*** Data for this exercise Section Begins ***
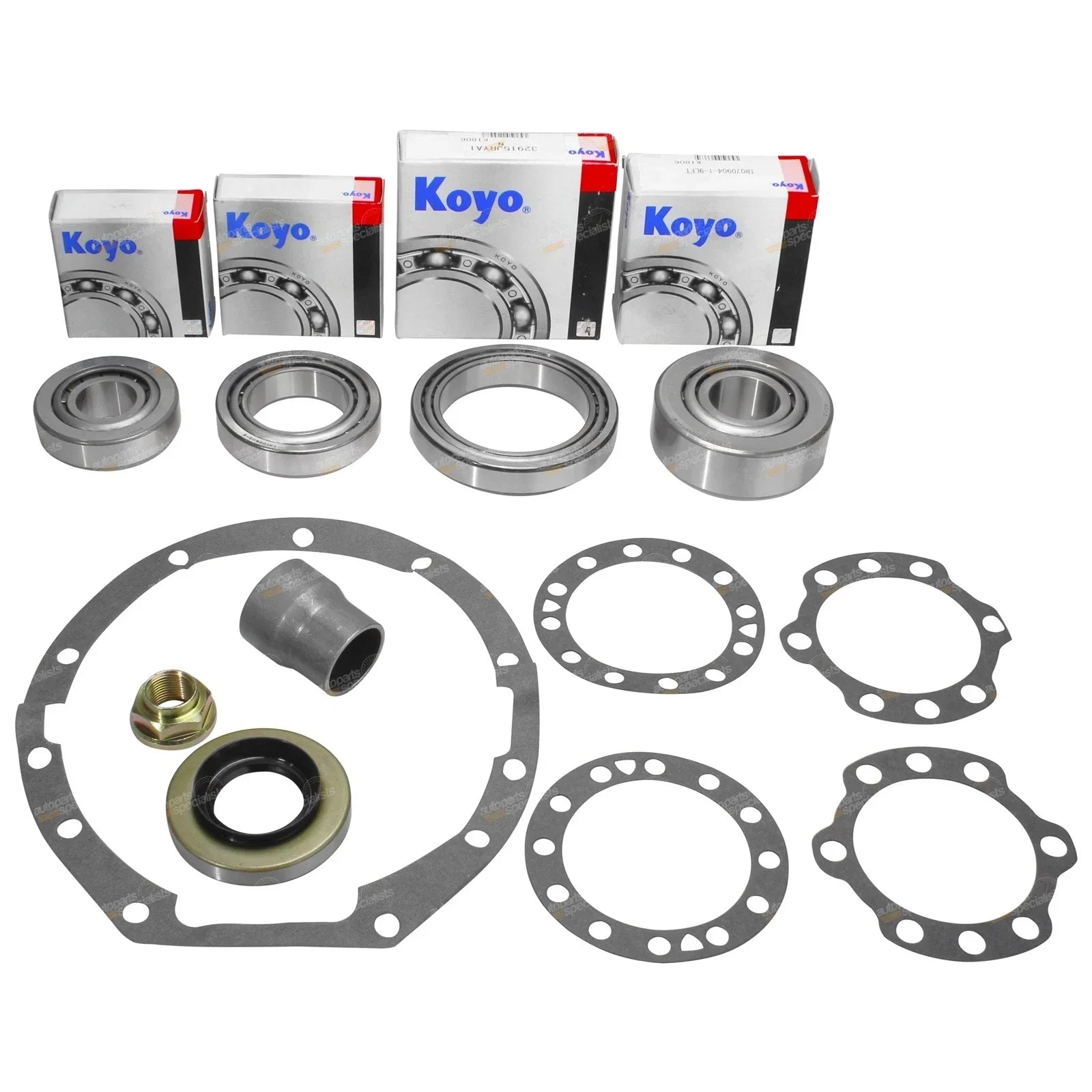 Front Diff Kit / 1x Front Diff Kit for Toyota Landcruiser Prado (1990–1996)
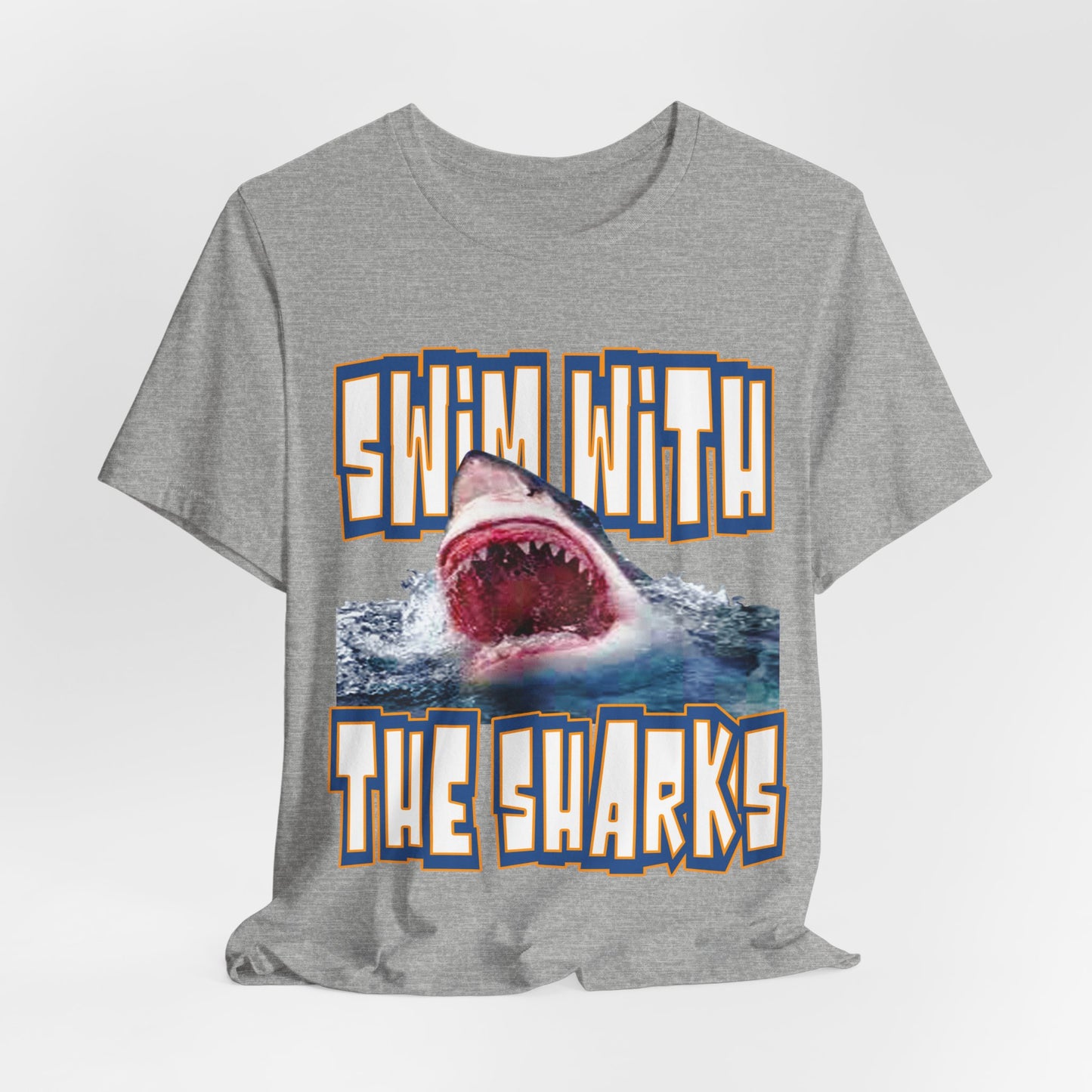 SWIM WITH THE SHARKS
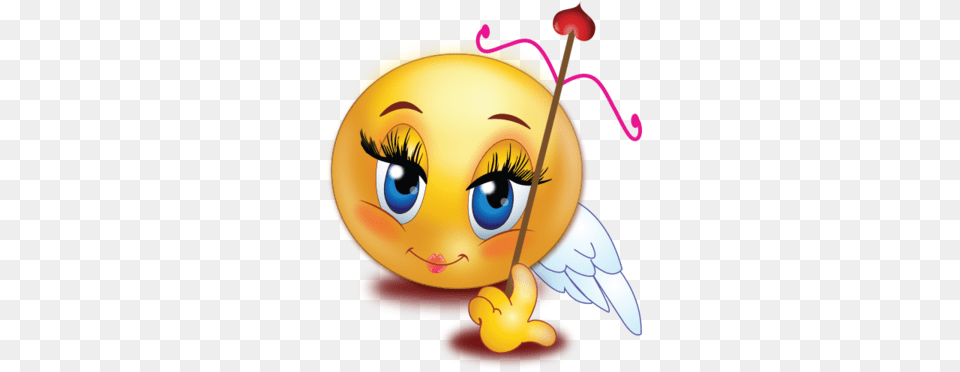 Loving Angel Girl Emoji Thumbs Up Emoji Smiley, Baby, Person Free Png Download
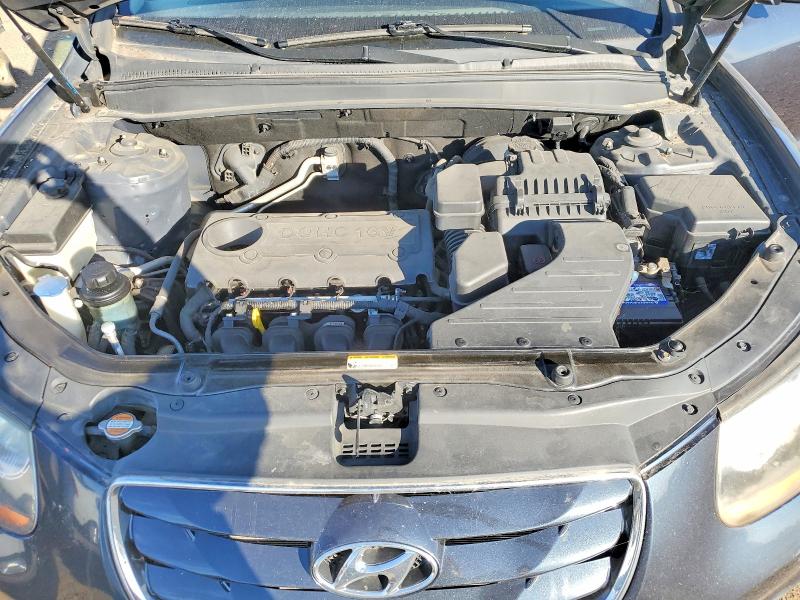 Photo 12 from auction – 2010 HYUNDAI SANTA FE with VIN 5NMSG3AB5AH414902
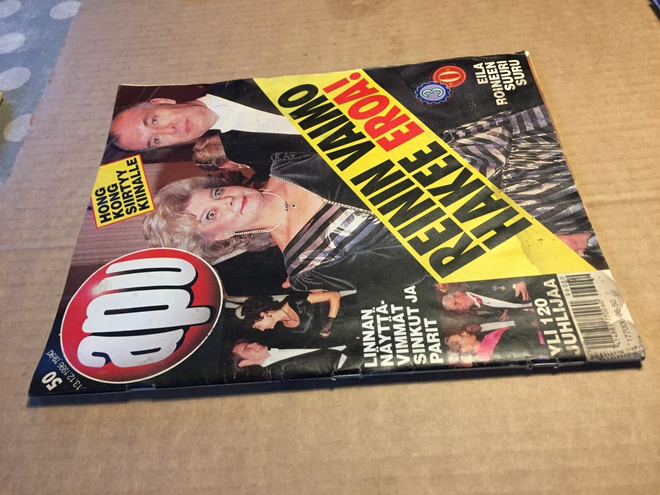 APU LEHTI 50/1996 HYVÄ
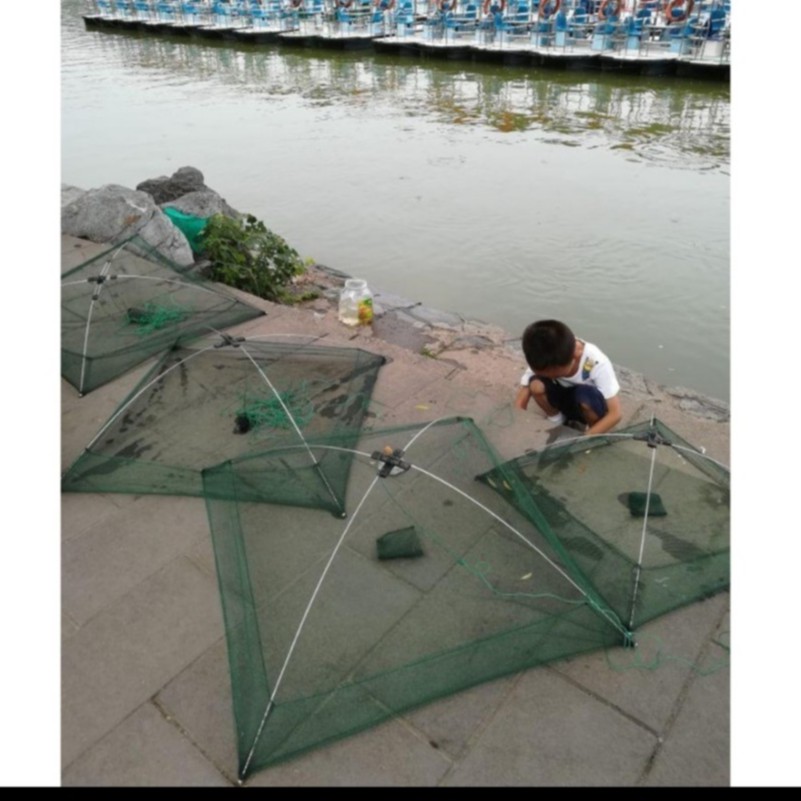 Vó Bắt Tôm, Cua, Cá, Tép..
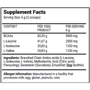 Аминокислота для спорта Tesla Nutrition BCAA 270g / 45 servings / Lemon: Вкус Лимон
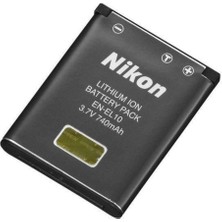 Nikon EN-EL10 For S600/S210/S60 Dslr Aksesuar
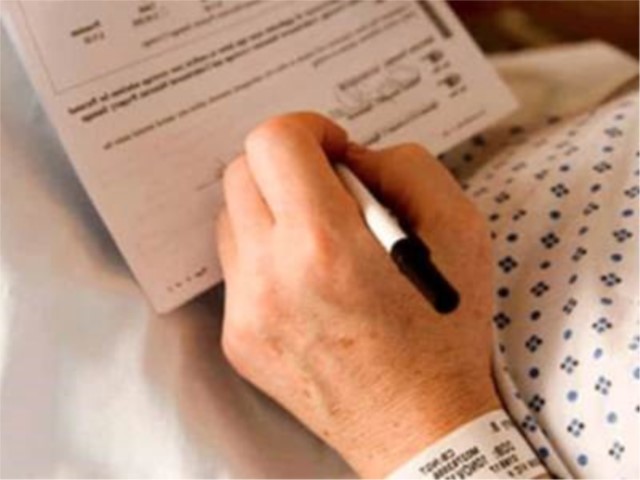 Testamento biologico: Garante Privacy, sì alla banca dati nazionale delle Dat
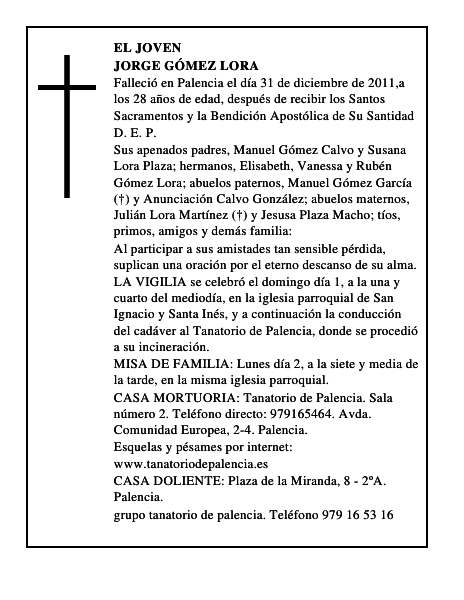 Jorge Gómez Lora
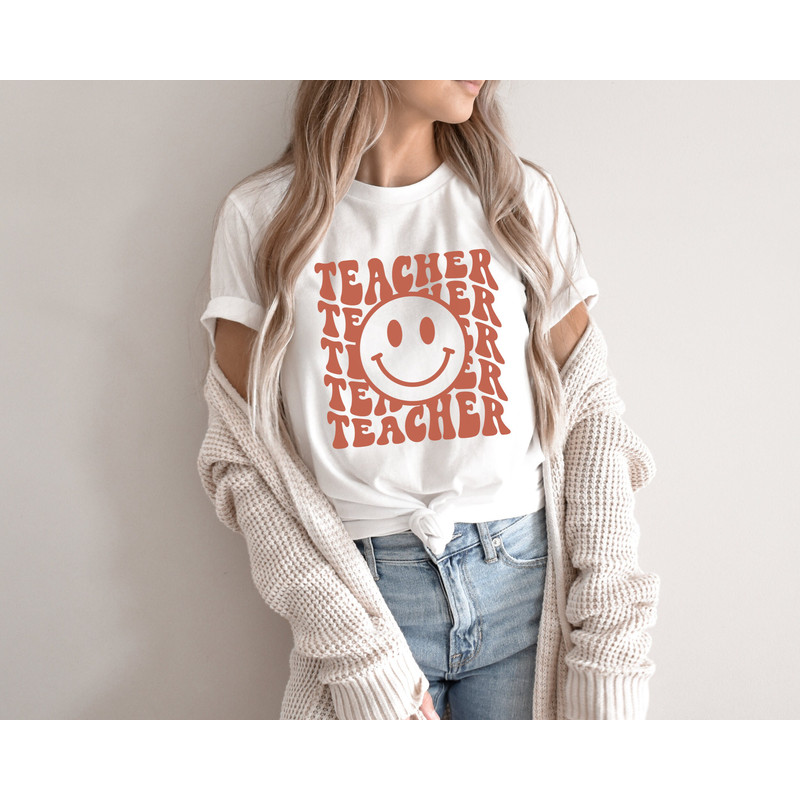 Teacher Shirt, Cute Teacher Shirts, Teacher Gift, Teach Shirt, Teacher T Shirt, Teacher Clothes, Teacher Shirts, Pre School Teacher Shirt - 2.jpg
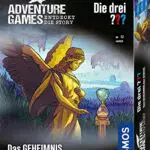 KOSMOS Adventure Games Die drei ??? Das Geheimnis der Statue Brettspiel ab 12 Jahren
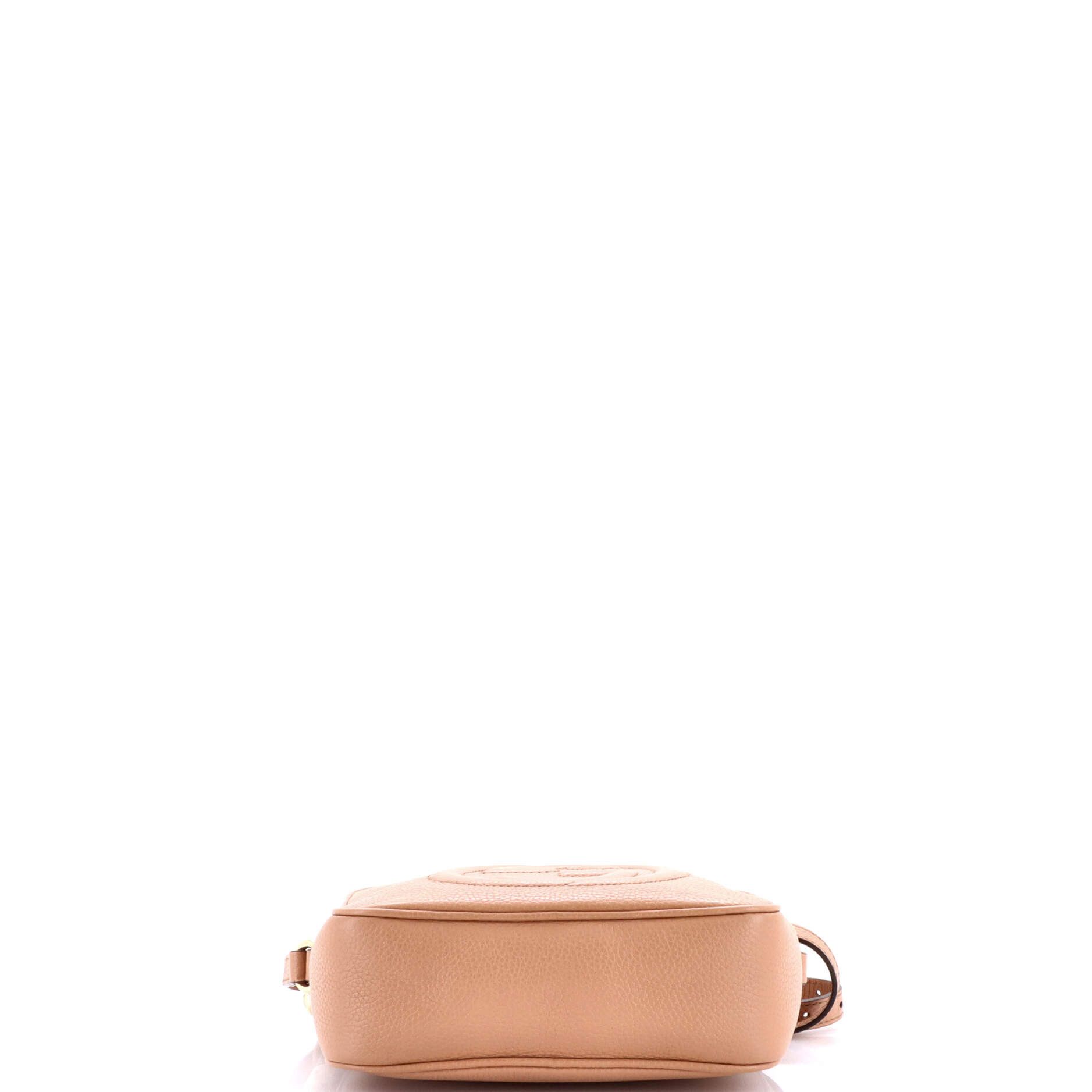 Gucci Soho Disco Crossbody Bag Leather Small Size ONE SIZE - 3 Thumbnail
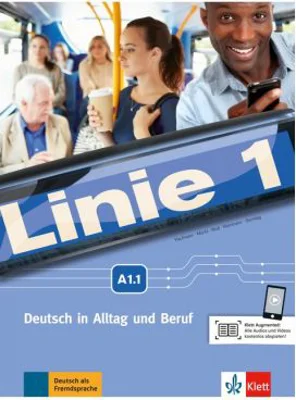 Linie 1 A1. 1, Kurs- und Übungsbuch mit DVD-ROM. Deutsch in Alltag und Beruf - Eva Harst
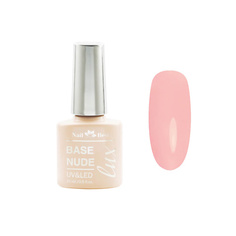 Лак NAIL BEST База нюдовая камуфлирующая Lux Base Nude 05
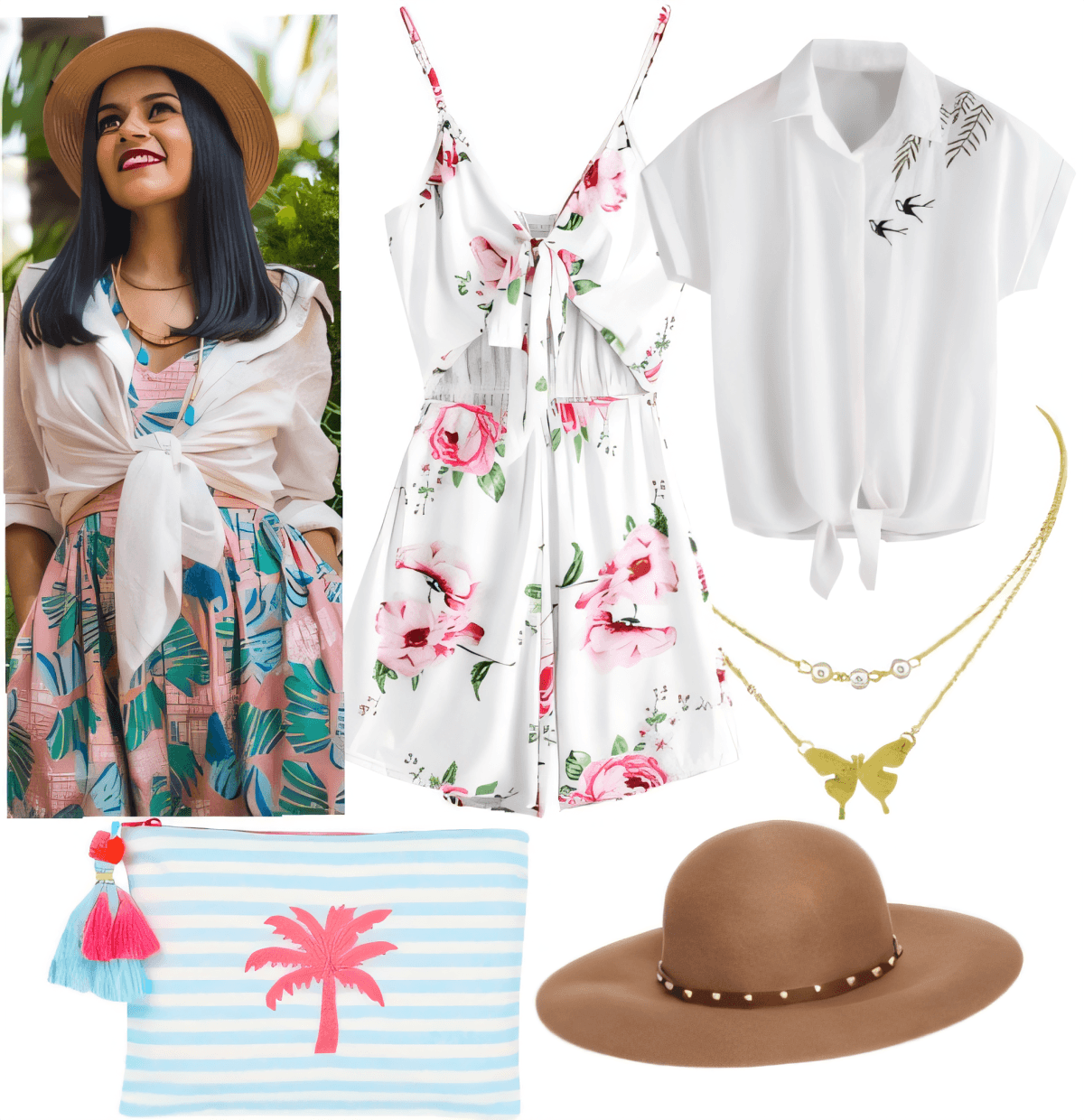 Tropical Paradise Meets Vintage Charm Tropical Paradise Meets Vintage Charm by mahima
*** Data for this exercise Section Ends ***
• **Work request**
The lines to repeat run from the line containing "Jorge Gómez Lora" through the last line of the material above; give them exactly, without the pictures.

• **Output for this exercise**
 Jorge Gómez Lora
 Teacher Shirt, Cute Teacher Shirts, Teacher Gift, Teach Shirt, Teacher T Shirt, Teacher Clothes, Teacher Shirts, Pre School Teacher Shirt - 2.jpg
 KOSMOS Adventure Games Die drei ??? Das Geheimnis der Statue Brettspiel ab 12 Jahren
 Gucci Soho Disco Crossbody Bag Leather Small Size ONE SIZE - 3 Thumbnail
 Linie 1 A1. 1, Kurs- und Übungsbuch mit DVD-ROM. Deutsch in Alltag und Beruf - Eva Harst
 Лак NAIL BEST База нюдовая камуфлирующая Lux Base Nude 05
 Tropical Paradise Meets Vintage Charm Tropical Paradise Meets Vintage Charm by mahima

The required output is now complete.